## Work required
No picture belongs in the copy. Repeat each line below exactly.

## Stored data
»»
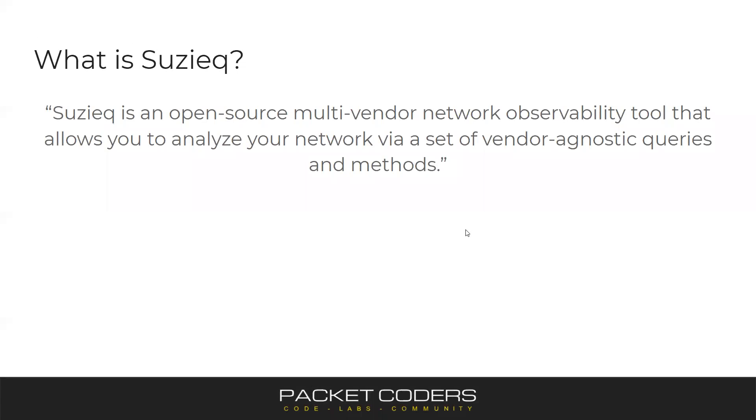So first of all, what is SuzyQ? SuzyQ is an open source multi-vendor network observability platform, and what it allows you to do is query your network and analyze your network through a set of vendor agnostic queries and methods.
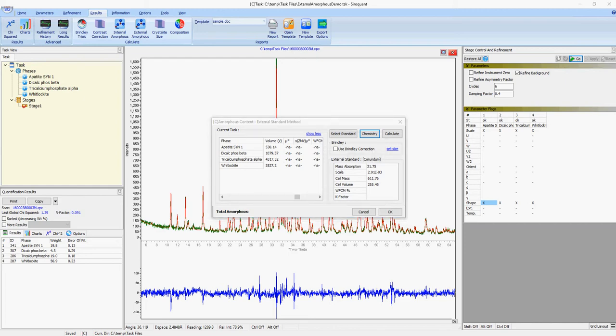Or, if you already know the mass absorption coefficient, it can be entered directly into the tables. In this case, we know for this sample it is 84.91.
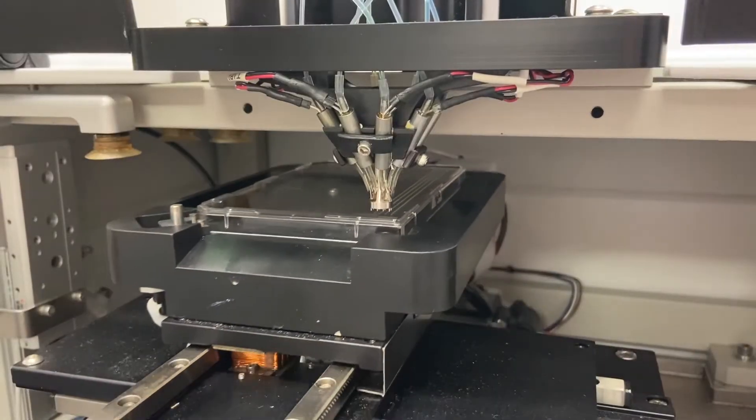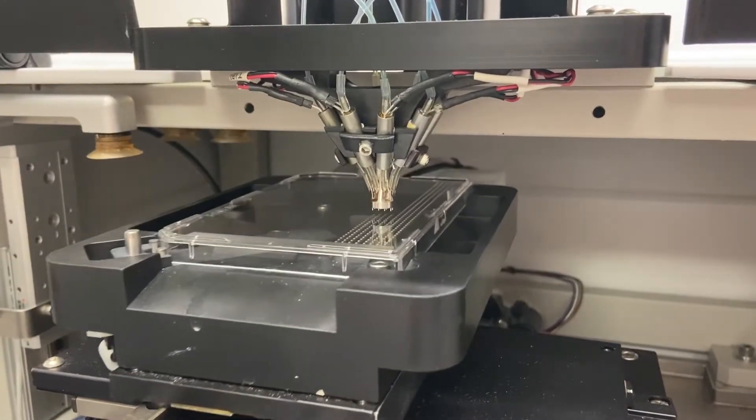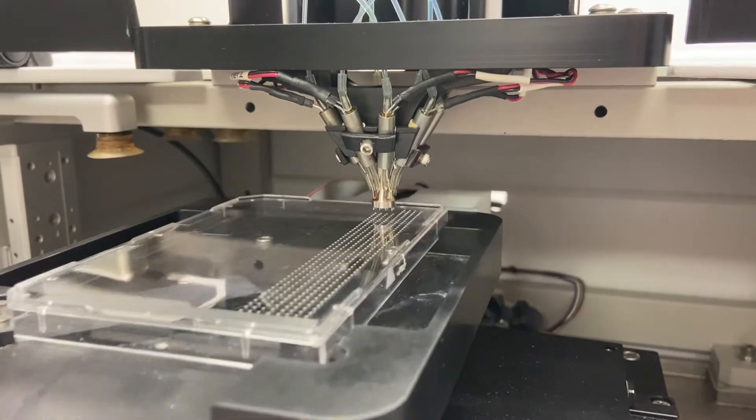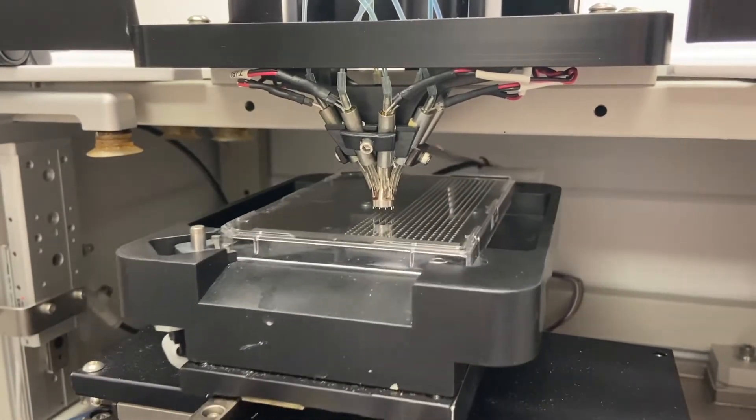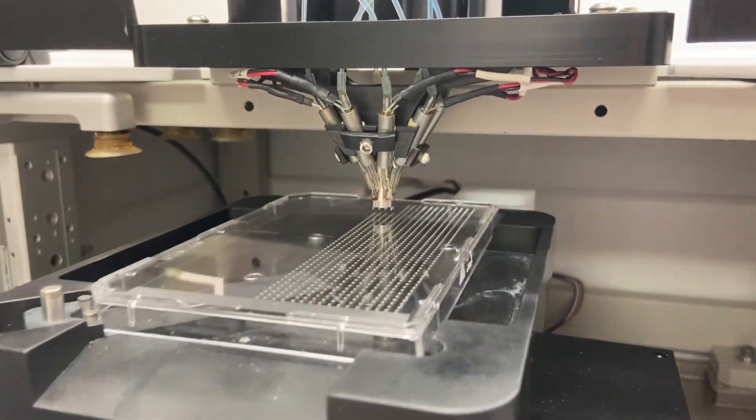Dispenses on the fly for increased speed and offers an 8-channel standard with many options and valve types available for customization.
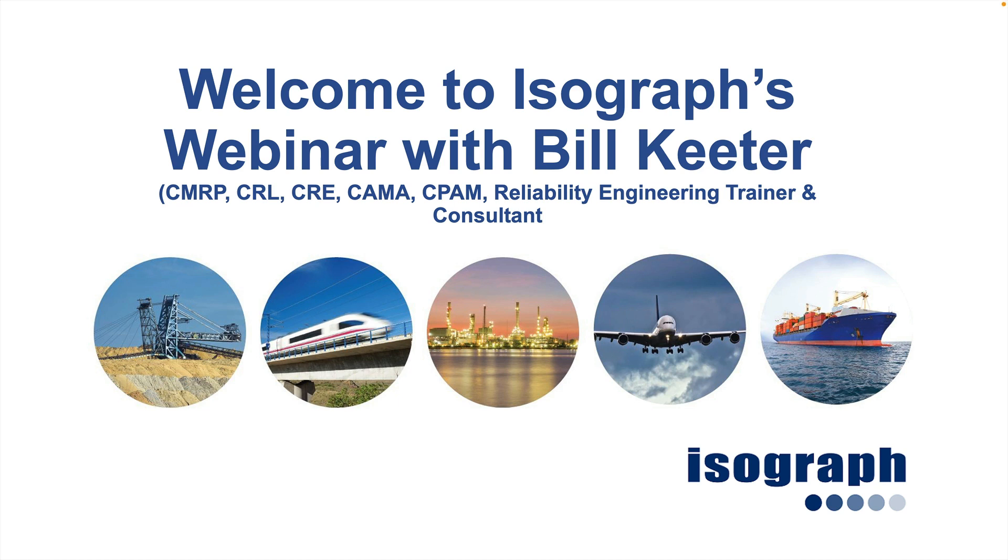Hi, I'm Bill Keeter. Welcome to this brief presentation about creating failure models in Availability Workbench.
««
## The completed task
So first of all, what is SuzyQ? SuzyQ is an open source multi-vendor network observability platform, and what it allows you to do is query your network and analyze your network through a set of vendor agnostic queries and methods.
Or, if you already know the mass absorption coefficient, it can be entered directly into the tables. In this case, we know for this sample it is 84.91.
Dispenses on the fly for increased speed and offers an 8-channel standard with many options and valve types available for customization.
Hi, I'm Bill Keeter. Welcome to this brief presentation about creating failure models in Availability Workbench.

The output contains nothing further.